Galarza escribe: Lo que me jodía entonces era que mi soledad fuera perturbada por alguien a quien no había invitado. Los paseos me servían para despejarme, para controlar el cataclismo donde Laura Song y yo empezábamos a discrepar hasta de la música. Las canciones abrían abismos, apartándonos.
La mayor alquimia está en que la fundación del desamor, se suscribe al nombre de una mujer que contiene la música en su apellido. Pero de la que solamente es posible recordarla desde las escenas que la memoria fotografía de esas personas que extrañamos; pero a las que somete a modificaciones constantes, la música solamente es un analgésico de la idea de no volver a ver más. De no admitir la muerte inminente después del naufragio.
Cuando uno se enamora escribe un diccionario de tonterías que nadie imagina que es capaz de pronunciar. Los diminutivos se convierten en un lugar común, se pierde la vergüenza y se reinvindica el derecho al ridículo. Con Laura Song escribimos un bestiario que usábamos para poner en práctica nuestro amor, ese que me faltó para estar con ella su último cumpleaños, cuando aún manteníamos el título de novios, o más bien yo el de sponsor, porque es cierto, me sentía como un sponsor. (pag.17).
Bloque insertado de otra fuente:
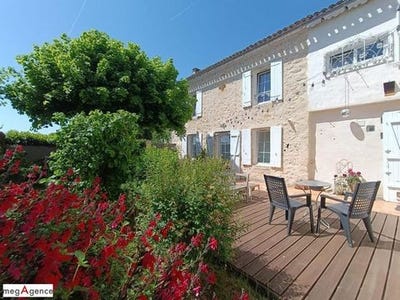 /international/fr/sainte-croix-du-mont-aquitaine-310106054760/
Recuerdo que mi perro suicida tenía la postura impositiva de un enano dictador. De esos militares pequeños pero de cuerpo cuadrado y una autoridad letal. Recuerdo que en los paseos, omitía la vulgaridad de olisquear y prefería caminar con absoluta indiferencia mirando de frente la calle, hasta lo que su corazón podía aguantar. En cada detalle era heroico, hasta en su muerte lo fue. Paseador de perros es una novela que no retrata el oficio de pasear un perro, sino el de saber que al final nos espera la posibilidad de una última corrida mirando de frente, aunque el mundo nos recuerde en cada canción que estamos yendo directo a la deriva. O de repente como Galarza dice: En el fondo todos sobrevaloramos algunos datos y escenas en nuestras vidas. En los recuerdos la ficción es benévola.